The workflow for estimation of HFI prevalence in the Chinese population. This study consisted of two parts were performed: (1) ALDOB variant pathogenicity curation. (2) Estimation of HFI prevalence

Fig. 2
figure 2

Allele frequency comparison for 24 pathogenic variants to different populations. The value in each box shows the AF for each variant (row) in each population (column). The blank box means the variant has not been detected in the population. All variants will be show if there are less than 10 variants in the mutation type. In total 13 P/LP variants had AF higher than 1e-5 in local CCGT database, and the A338V were significantly higher compared with the other populations (all P values < 0.05). AFR: African American; ASJ: Ashkenazi Jewish; NFE: non-Finland European population; FIN: Finnish in Finland; AMR: admixed American population; SAS: South Asian; EAS: East Asian population

Estimation of HFI prevalence in the Chinese population

We estimated the HFI prevalence based on 20,919 pediatric patients in the CCGT Child Cohort (12,783 males and 8136 females) and 10,031 parental samples in the CCGT Parent Cohort (5006 males and 5024 females). The total number of individuals carrying P/LP ALDOB variants was 61 (36 males and 25 females) in the Child Cohort and 27 (11 males and 16 females) in the Parent Cohort.

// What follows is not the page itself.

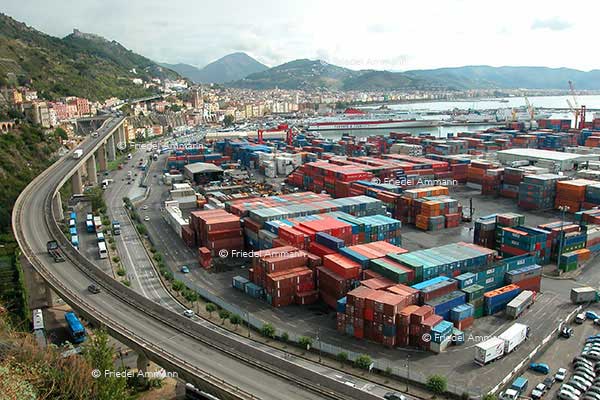 WIRTSCHAFT / ECONOMY - Big Business – Spedition, Salerno, Italia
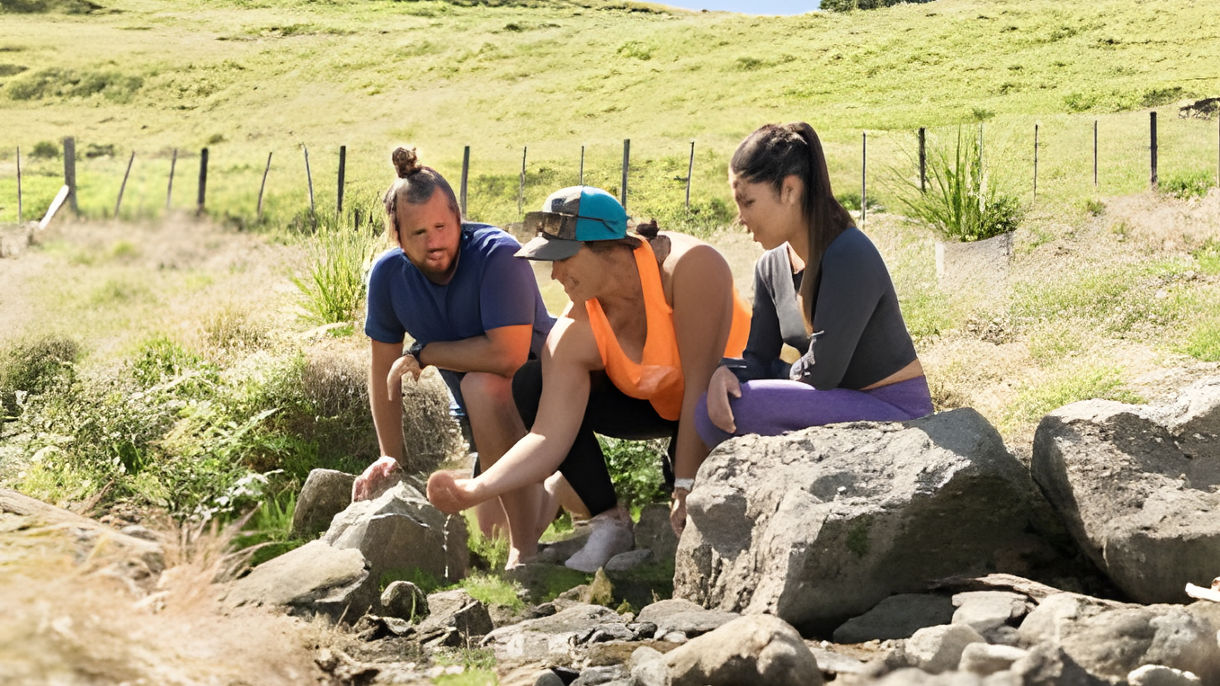 Local Connections: Mauao Walk and Workshop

Based on these results, the estimated HFI prevalence in the Chinese population was between 1/470,416 and 1/462,233 in the Child Cohort and 1/571,594 and 1/532,412 in the Parent Cohort. Specifically, the estimated prevalence of HFI by the Bayesian framework was 1/462,839 (95% confidence interval 1/803,692 ~ 1/293,567) in the Child Cohort and 1/532,412 (95% confidence interval 1/1,270,634 ~ 1/277,464) in the Parent Cohort. In total, the estimated prevalence of HFI in the Chinese population is 1/504,678 by averaging all the above results (Table 1). The prevalence rates in the HuaBiao database (1/410,068) and the East Asian population (1/818,758) are similar (Additional file 2: Table S7).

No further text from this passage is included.